今夜は、高校時代の仲間とちょっとした飲み会である。
誰それの誕生日だから…
仲間が里帰りしたから…
とか何とか理由付けては、集まって飲んでいる。
年が明けてからまだ一度も飲んでいないから…と、久々に声をかけた。
名目は、1月生まれと2月生まれの誕生祝である。
今夜参加するメンバーの一人に、先日ベトナムに行っていたという女性がいる。
ご主人の仕事に付きあって、何度かベトナムに行っているらしい。
「最近出回っているので、遅くまでは付き合えないよ」と言う意味なのか、
「ベトナムで暴飲暴食が過ぎたので、控えめに…」
という参加表明があった。
幹事は、飲み会の案内の時点から、ワクワクさせねばならない。
出欠確認をしながら、すでに飲み会が始まっているかのように盛り上げる。
またそうすべきであると、そう思っている。
全員に行き渡るメーリングリストに書く。
そんなこと言っていないで、前夜はしっかり熟睡して、終わりなき宴に備えるように…、と。
そして、付け加えた。
ベトナム帰りの方は、いまだ衰えぬ美貌にお似合いの、ベトナム土産のアオザイを着て…
そして、相変わらずの美脚を披露していただきたいものです…と。
すると、こっぴどくお叱りのメールをいただいた。
Qとん君、アオザイを見た
ことあるの?
Qとん君の見たアオザイは
都町のオネエちゃんが
着てたんでしょ。
でもね、アオザイって
深いスリットが入ってる
けど、下にパンツ(ズボン)
履くんだもんね。
チラっとも足は見えません。
残念でした。
スケベおやじのために、わざわざパンツに注釈のカッコが付いて、ズボンとまで説明してくれている。
確かに、ベトナムに行ったことはない。
アオザイをウェブサイトで調べて、自分の認識が大きくかけ離れていたことに気づいた。
あのヒラヒラの素材が、麻か絹かは知らないけれど、触れると体の温かみまで伝わってきそうな薄さ…
いや、まだ直に触ったことなどあるはずもない。
アオザイは、化粧っ気のない、楚々とした健康的な笑顔のベトナムの女性に似合うと思う。

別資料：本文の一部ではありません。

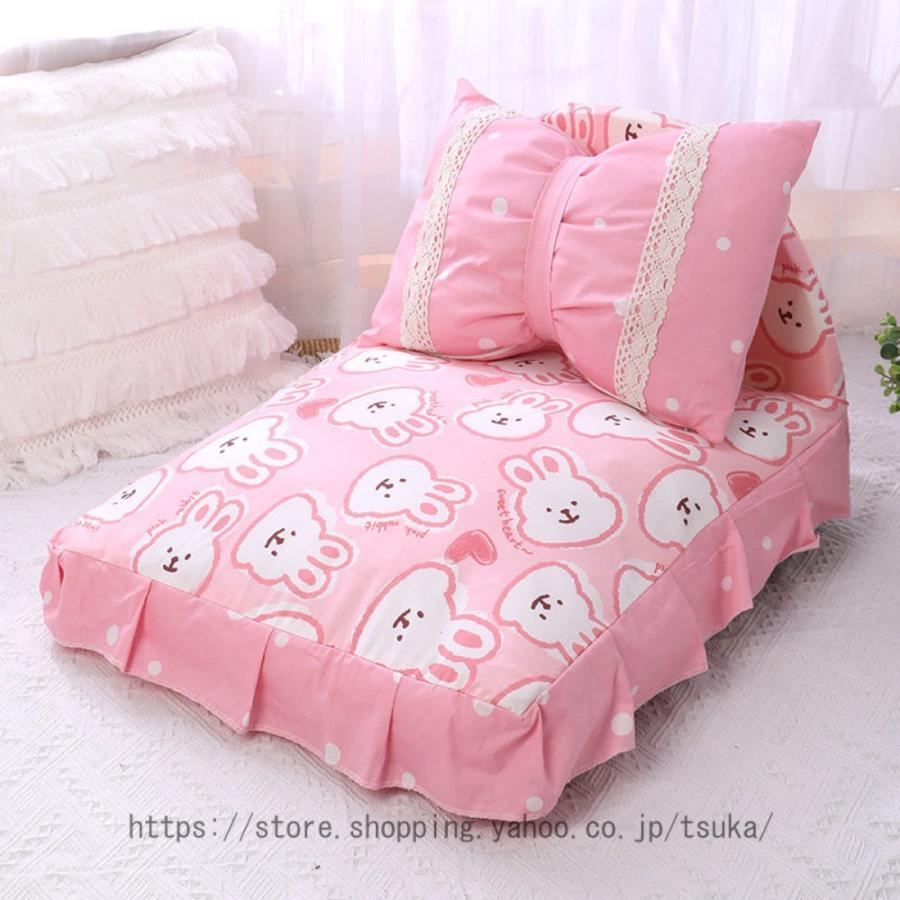 ペットベッド 布団 春秋冬 枕 ベッド マルチカバー ペット用品 洗える 洗濯可 プリンセスベッド 小型ペ..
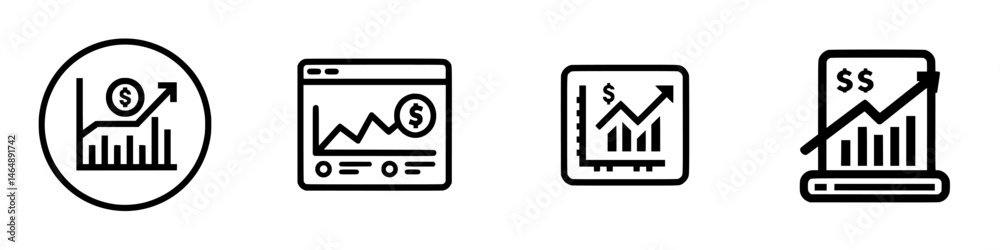 Poster vector illustration icons representing financial growth and data analysis through charts and graphs 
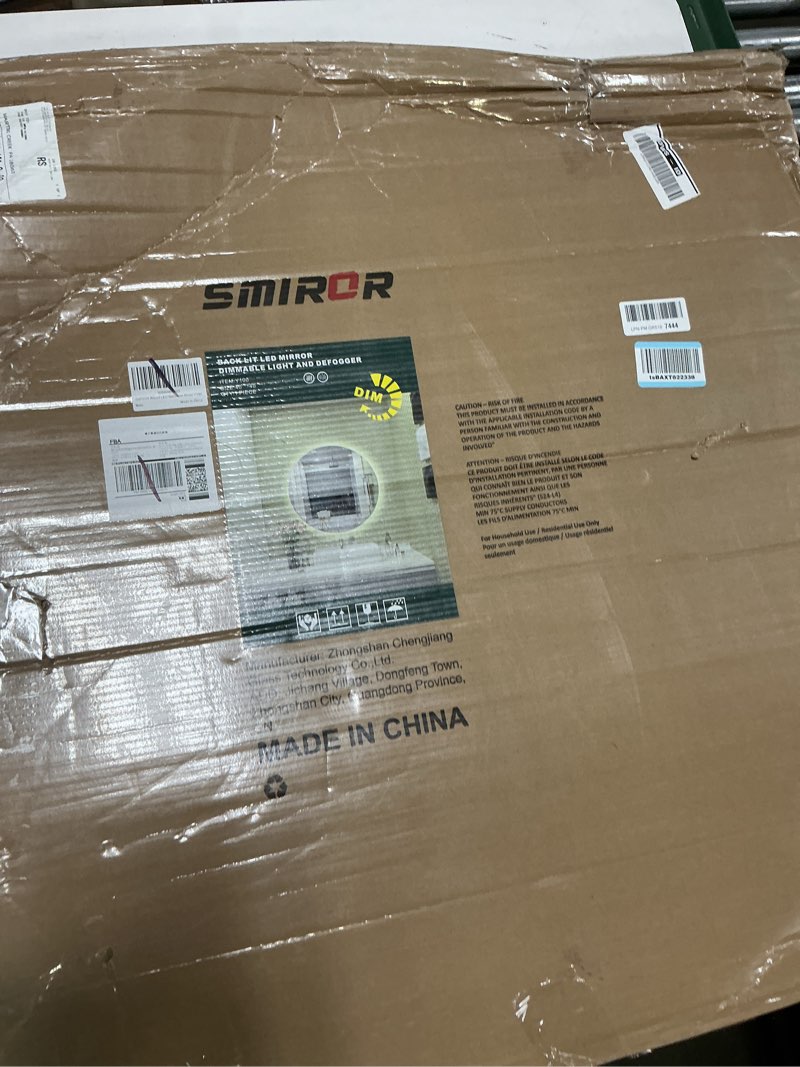 Condition photo showing New/Like New for 40\" led mirror, wall mount, round, 3 color lights, anti-fog, adjustable brightness, modern home decor r40 inch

湿った暖かい南国の風にその裾がめくれると、すらっと伸びた小麦色の美脚がのぞく…
思っていたのは、心の深層にある、自分の欲望によって作りあげられたアオザイであったか…
しかも、どうやらチャイナドレスのデザインをイメージしてしまっていたらしい。
それにしても、ひょんな所でアオザイに対する認識不足を披露してしまった。
それも、高校時代からの気の置けない仲間たちに…である。
今夜の久々の飲み会。
酒の肴にされるのは、間違いないようである。